В Угличе я больше всего хотел найти его житие, ту самую "монастырскую летопись"... вероятно, опубликованную? Где и искать ещё - он же местночтимый святой, и документальных (не художественных) книг о нём я лично не встречал ни в одном другом городе России, ни в одном храме...
Забегая вперёд, скажу: я нашёл, что искал, и... стоит воздать должное Михееву, он действительно отразил "всё, что есть трогательного, возвышенного, доброго", смягчив (пожалуй, совершенно правильно!) лишь отдельные жестокие детали. Существенных неточностей в повести нет, вот только Ваня там почему-то показан девятилетним, хотя ему было шесть лет.
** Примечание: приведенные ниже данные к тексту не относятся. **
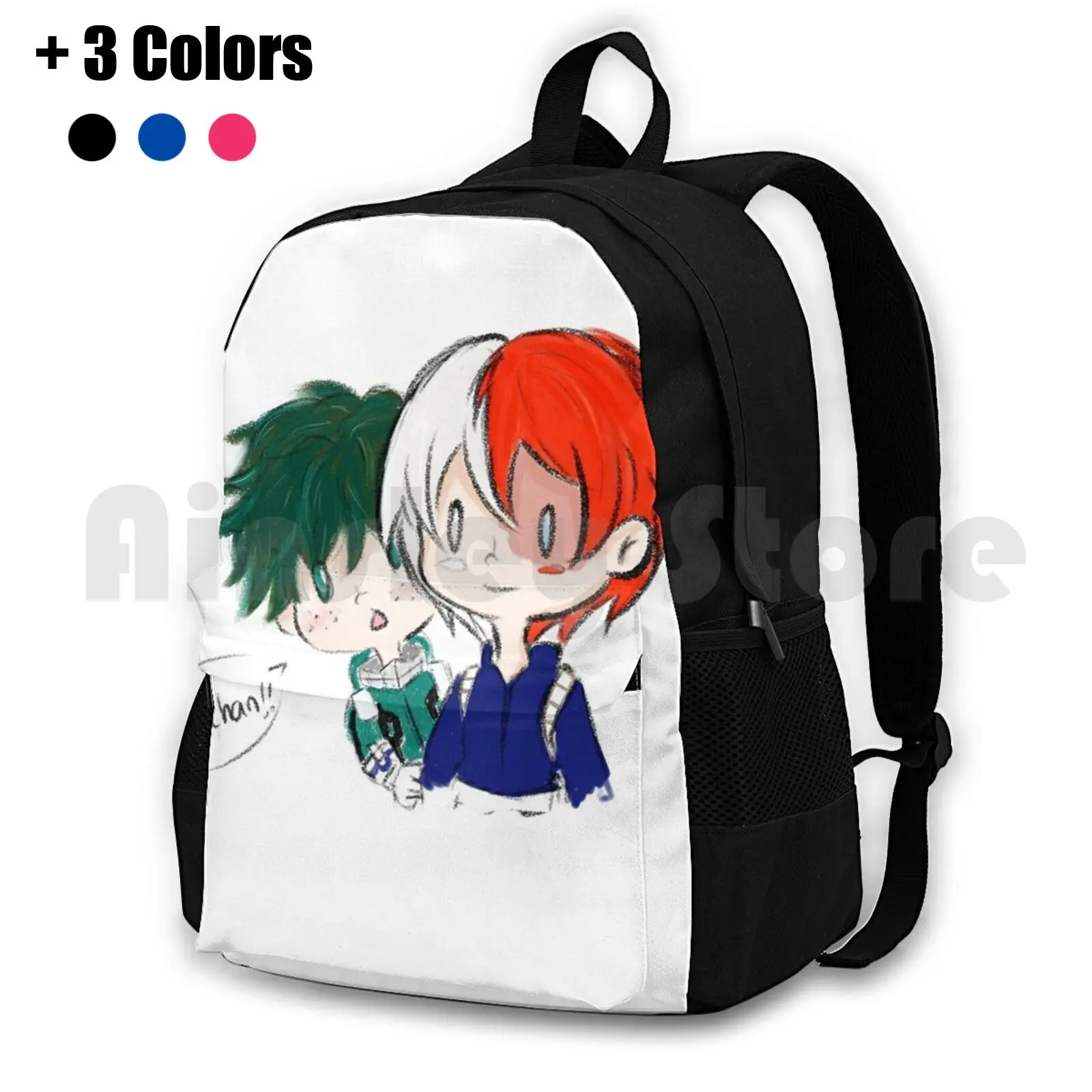 

Tododeku Outdoor Hiking Backpack Riding Climbing Sports Bag Boku No Hero Academia Chibi Anime Shoto Todoroki Midoriya Izuku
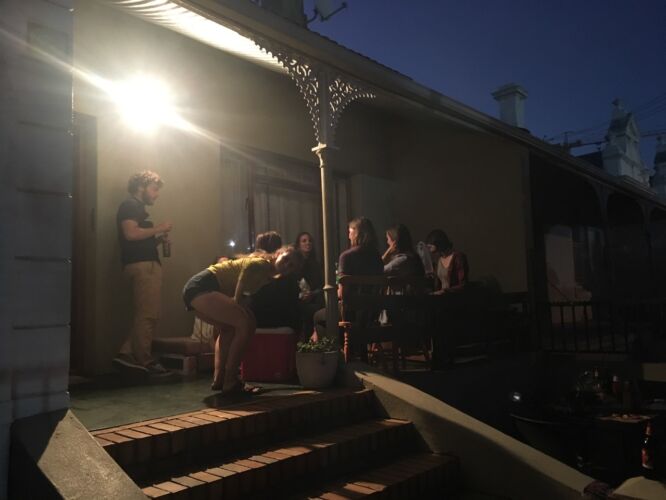 Night falling on a Disa braai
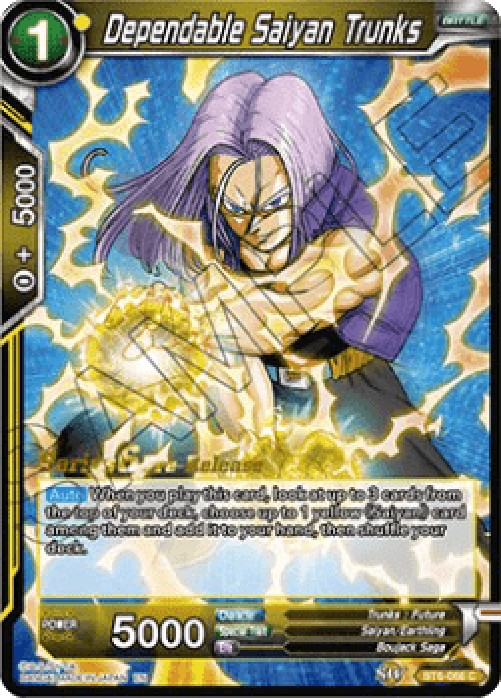 Dragon Ball Super BT6P Dependable Saiyan Trunks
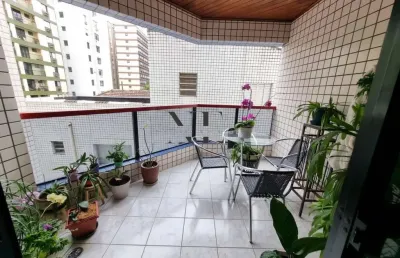 Apartamento para venda em são vicente, itararé, 2 dormitórios, 1 suíte, 3 banheiros, 1 vaga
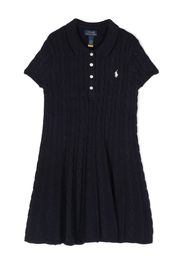 Ralph Lauren Kids Polo Pony knitted polo dress - Blau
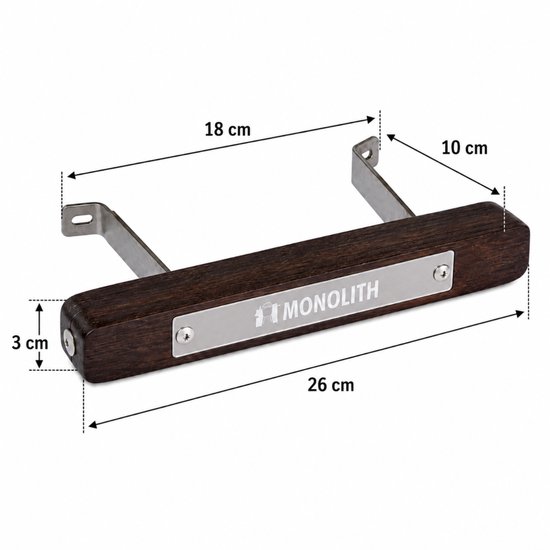 Monolith - LED-handgreep - Voor Classic Pro 2.0 - Bamboevezel - 26 cm van Monolith — afbeelding 3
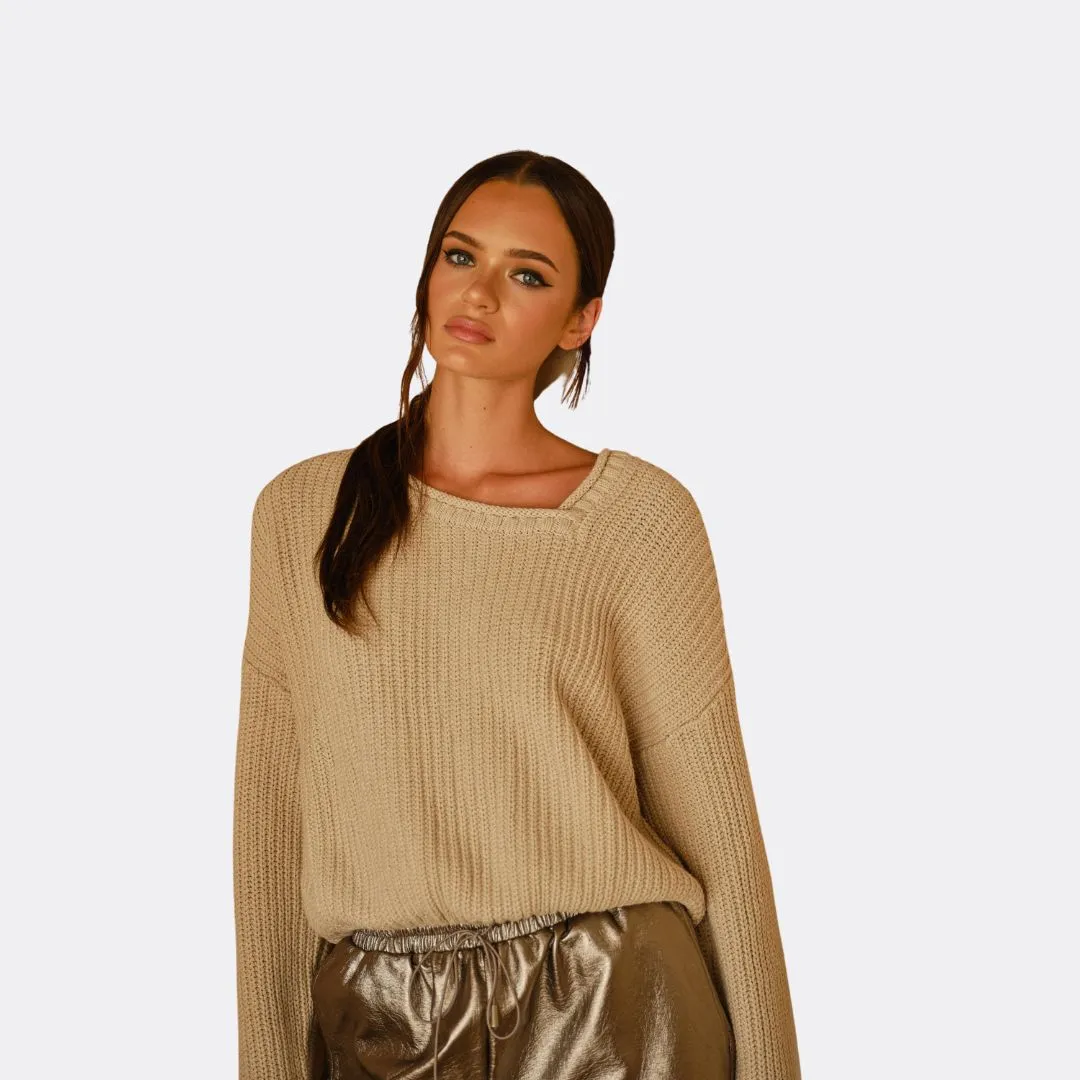 Ellie Sweater (Bone)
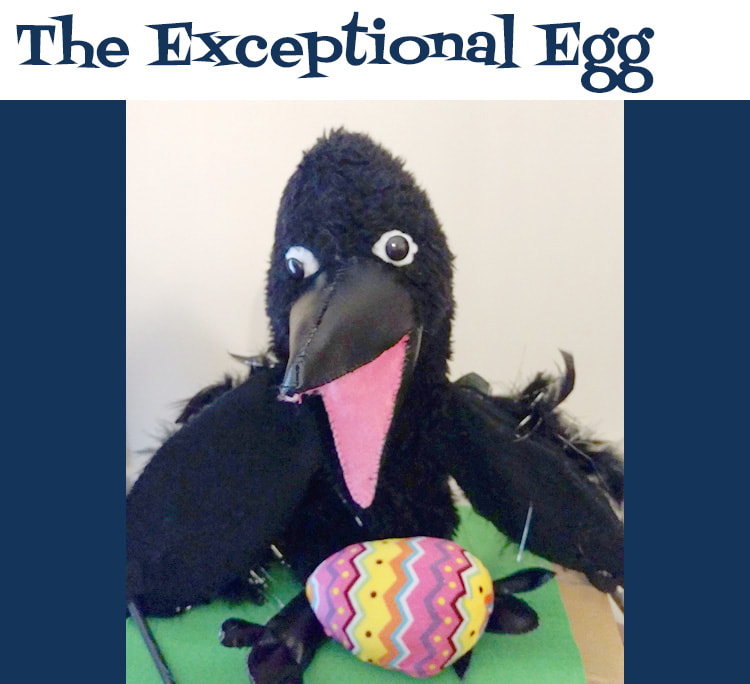 The Exceptional Egg Crow Photo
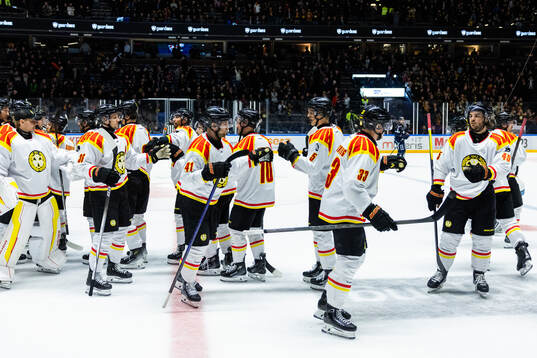Brynäs spelare jublar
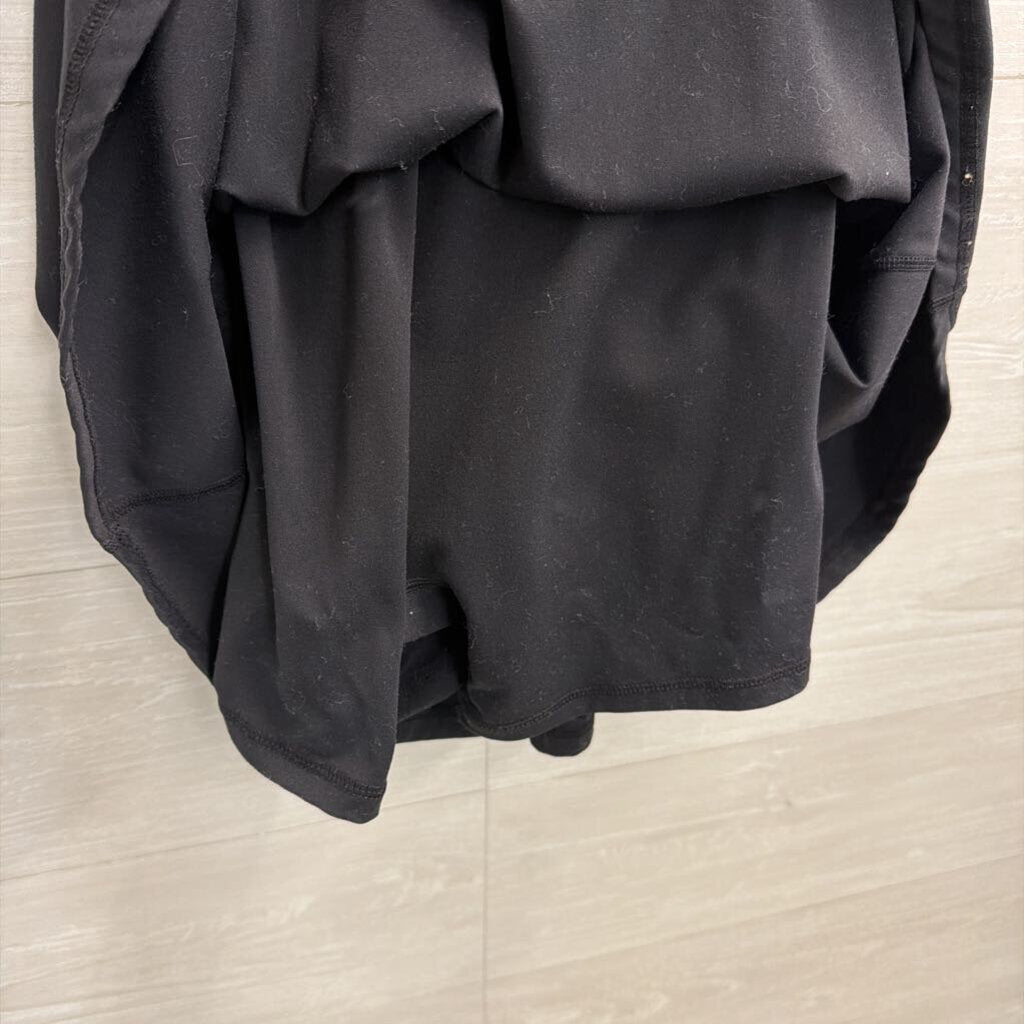 Black Athletic Dress With Shorts Medium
Потому, если кто хочет узнать историю св. Иоанна подробнее, пользуясь случаем, советую: повесть Михеева можно прочитать в сборнике "Лилии полевые" - по-моему, этот сборник попадается в разных церковных лавках и приходских библиотеках.
Вкратце же история такова. Купец Никифор Чеполосов вполне доверял своему приказчику Рудаку. Разумеется, "веру имел" ему и Ваня - как "юный младодетищ", поясняет житие XVII века. Однажды он доверчиво пошёл с Рудаком в его дом, в пригородной слободе... Там был "всажен" в сундук - "коник некий с острым тернием".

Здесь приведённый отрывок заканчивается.